The point of a placebo outcome test is to check whether there could be an unobserved confounding effect that causes bias in regression estimates. This would be the case if coefficients for the placebo outcome is yields statistically significant estimates from each of the estimates.
According to the table above, in this case the results make me more confident in the analysis from Part 3. Save for the estimator for number of days between 80-90F, all of the placebo regression’s estimates have p-values above 0.05, deeming them statistically insignificant.
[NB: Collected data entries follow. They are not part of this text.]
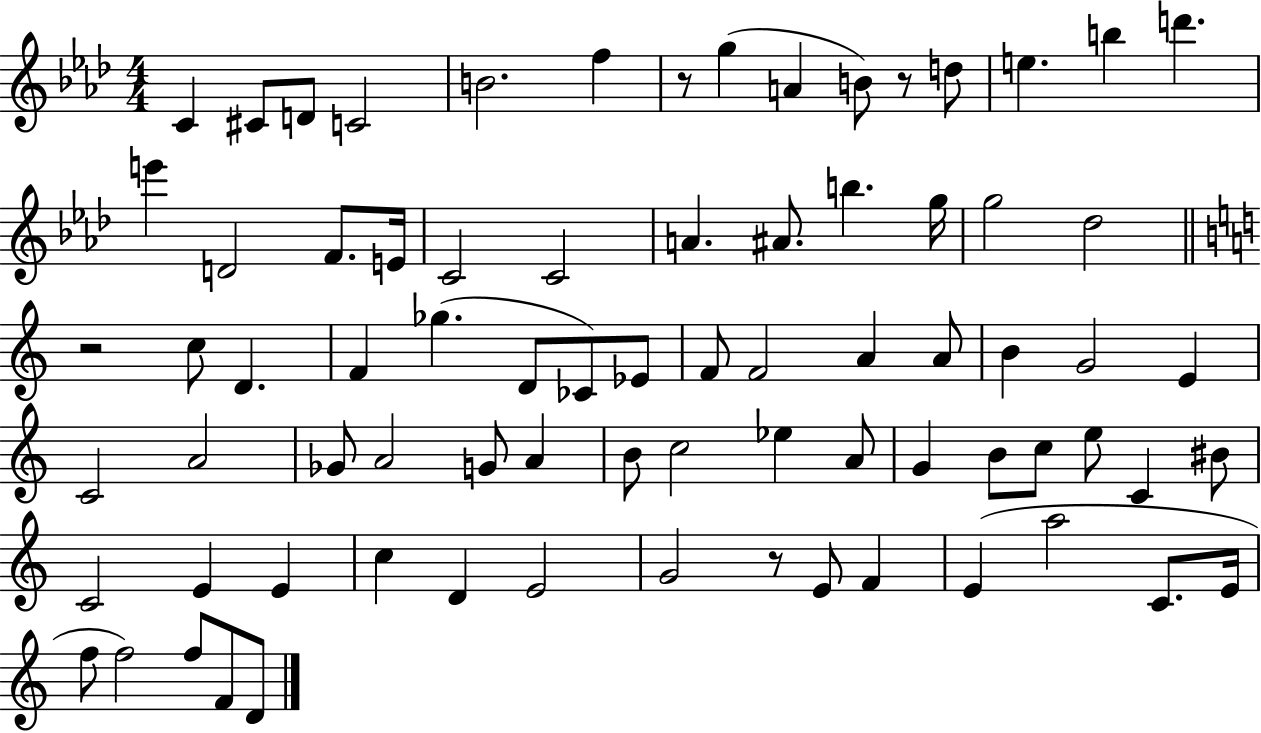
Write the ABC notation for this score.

X:1
T:Untitled
M:4/4
L:1/4
K:Ab
C ^C/2 D/2 C2 B2 f z/2 g A B/2 z/2 d/2 e b d' e' D2 F/2 E/4 C2 C2 A ^A/2 b g/4 g2 _d2 z2 c/2 D F _g D/2 _C/2 _E/2 F/2 F2 A A/2 B G2 E C2 A2 _G/2 A2 G/2 A B/2 c2 _e A/2 G B/2 c/2 e/2 C ^B/2 C2 E E c D E2 G2 z/2 E/2 F E a2 C/2 E/4 f/2 f2 f/2 F/2 D/2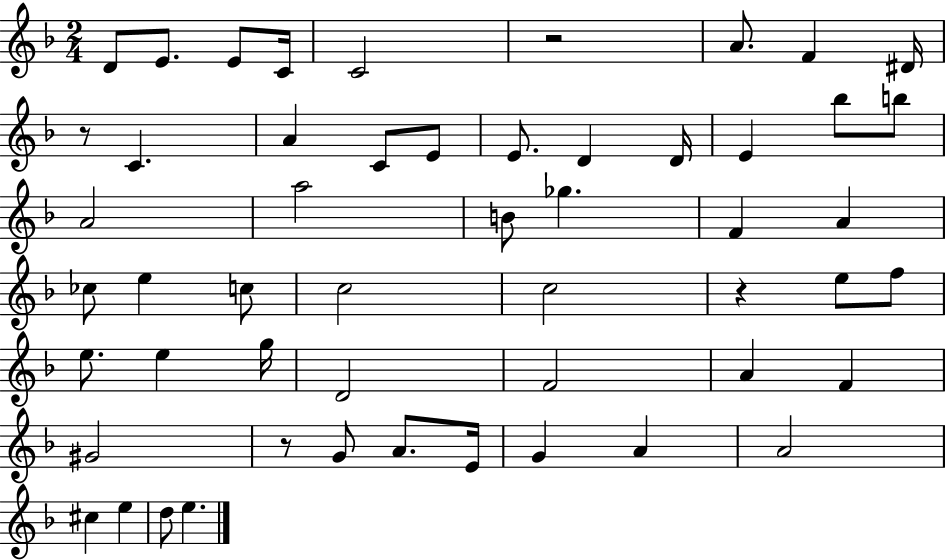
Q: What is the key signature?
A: F major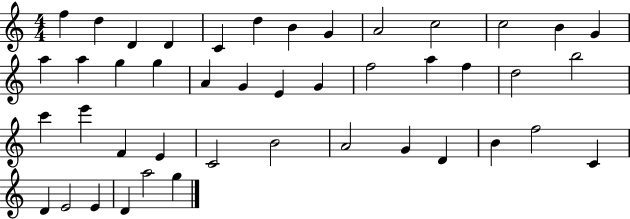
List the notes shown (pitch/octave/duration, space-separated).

F5/q D5/q D4/q D4/q C4/q D5/q B4/q G4/q A4/h C5/h C5/h B4/q G4/q A5/q A5/q G5/q G5/q A4/q G4/q E4/q G4/q F5/h A5/q F5/q D5/h B5/h C6/q E6/q F4/q E4/q C4/h B4/h A4/h G4/q D4/q B4/q F5/h C4/q D4/q E4/h E4/q D4/q A5/h G5/q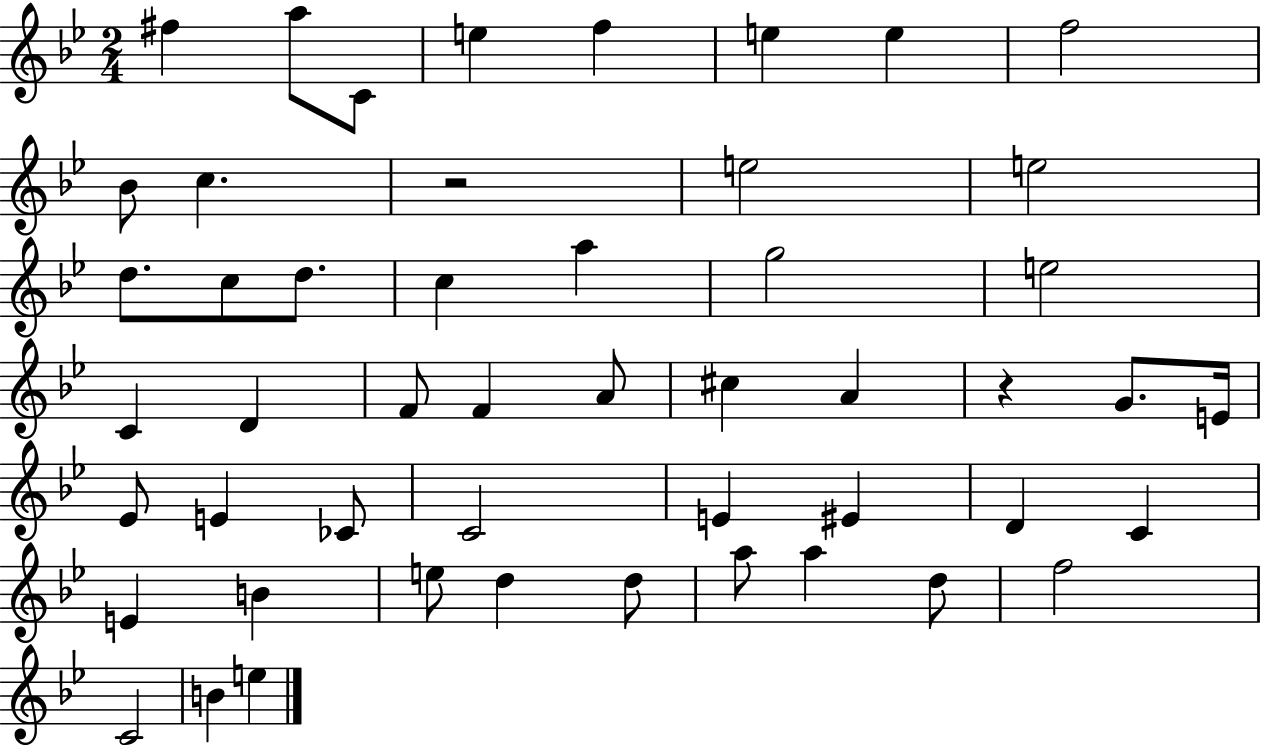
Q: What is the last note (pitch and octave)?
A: E5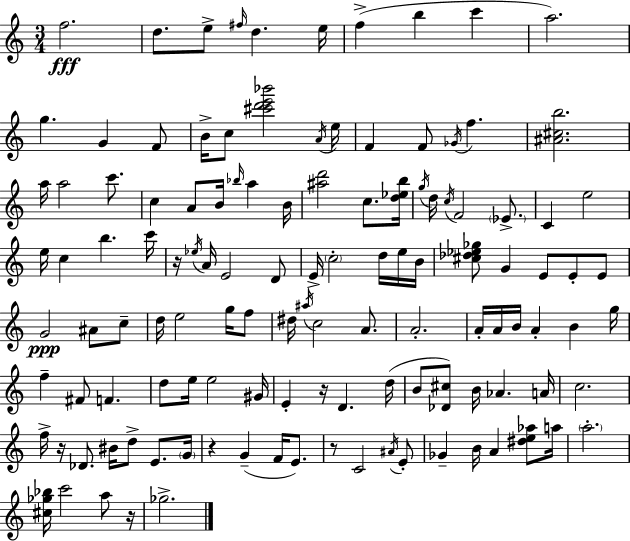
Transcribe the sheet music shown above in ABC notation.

X:1
T:Untitled
M:3/4
L:1/4
K:Am
f2 d/2 e/2 ^f/4 d e/4 f b c' a2 g G F/2 B/4 c/2 [^c'd'e'_b']2 A/4 e/4 F F/2 _G/4 f [^A^cb]2 a/4 a2 c'/2 c A/2 B/4 _b/4 a B/4 [^ad']2 c/2 [d_eb]/4 g/4 d/4 c/4 F2 _E/2 C e2 e/4 c b c'/4 z/4 _e/4 A/4 E2 D/2 E/4 c2 d/4 e/4 B/4 [^c_d_e_g]/2 G E/2 E/2 E/2 G2 ^A/2 c/2 d/4 e2 g/4 f/2 ^d/4 ^a/4 c2 A/2 A2 A/4 A/4 B/4 A B g/4 f ^F/2 F d/2 e/4 e2 ^G/4 E z/4 D d/4 B/2 [_D^c]/2 B/4 _A A/4 c2 f/4 z/4 _D/2 ^B/4 d/2 E/2 G/4 z G F/4 E/2 z/2 C2 ^A/4 E/2 _G B/4 A [^de_a]/2 a/4 a2 [^c_g_b]/4 c'2 a/2 z/4 _g2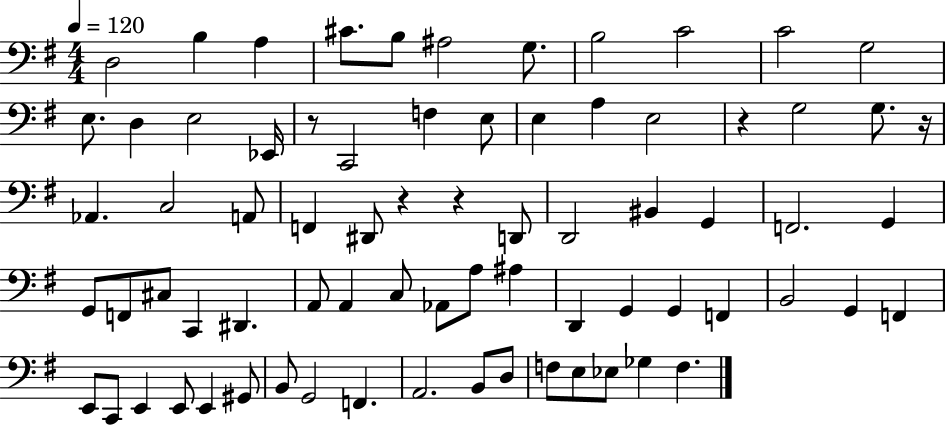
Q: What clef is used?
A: bass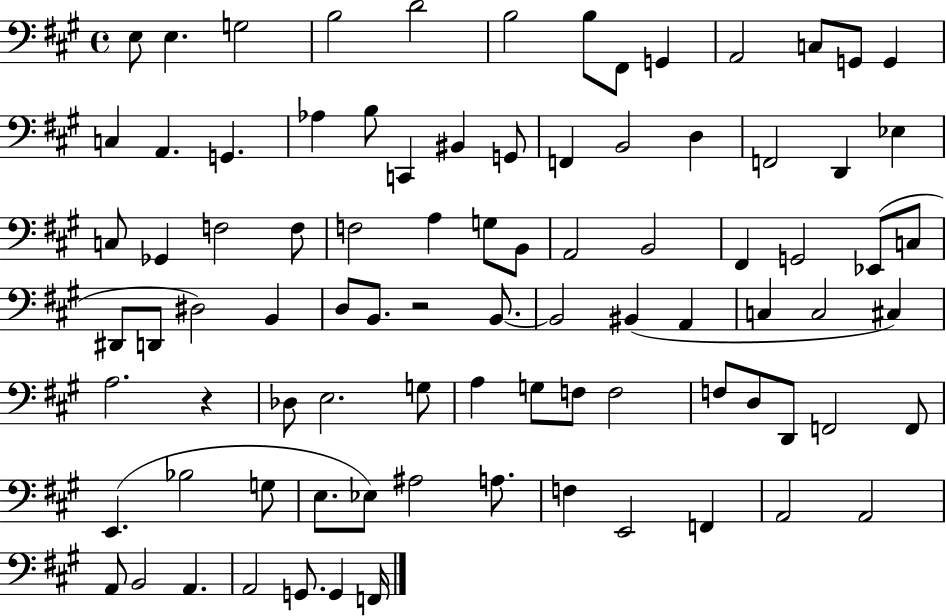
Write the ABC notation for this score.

X:1
T:Untitled
M:4/4
L:1/4
K:A
E,/2 E, G,2 B,2 D2 B,2 B,/2 ^F,,/2 G,, A,,2 C,/2 G,,/2 G,, C, A,, G,, _A, B,/2 C,, ^B,, G,,/2 F,, B,,2 D, F,,2 D,, _E, C,/2 _G,, F,2 F,/2 F,2 A, G,/2 B,,/2 A,,2 B,,2 ^F,, G,,2 _E,,/2 C,/2 ^D,,/2 D,,/2 ^D,2 B,, D,/2 B,,/2 z2 B,,/2 B,,2 ^B,, A,, C, C,2 ^C, A,2 z _D,/2 E,2 G,/2 A, G,/2 F,/2 F,2 F,/2 D,/2 D,,/2 F,,2 F,,/2 E,, _B,2 G,/2 E,/2 _E,/2 ^A,2 A,/2 F, E,,2 F,, A,,2 A,,2 A,,/2 B,,2 A,, A,,2 G,,/2 G,, F,,/4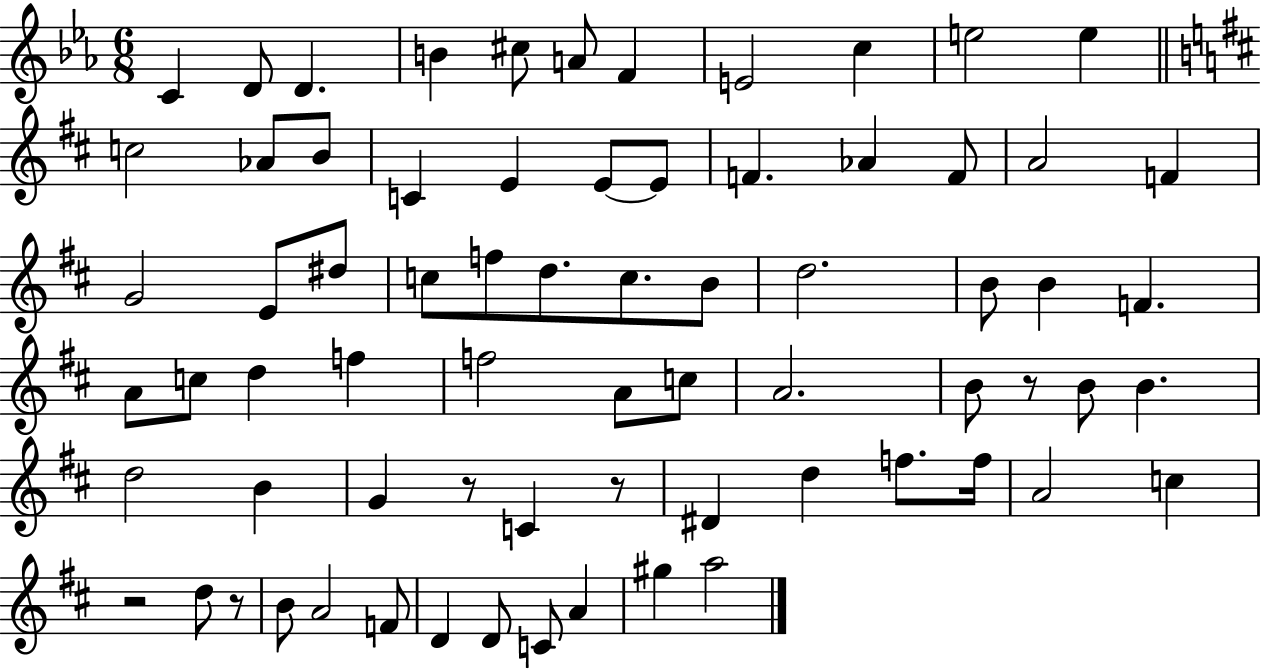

The days_8090 estimator is statistically significant, with a p-value of 0.01 (below the 0.05 threshold), but this effect can also be explained by the fact that more disease vectors like bacteria will thrive in this temperature band. This doesn’t necessarily make me less confident about the analysis in Part 3, but it does provide important context as to a potential confounding aspect – however slight - to the relationship that we observe in the original regression.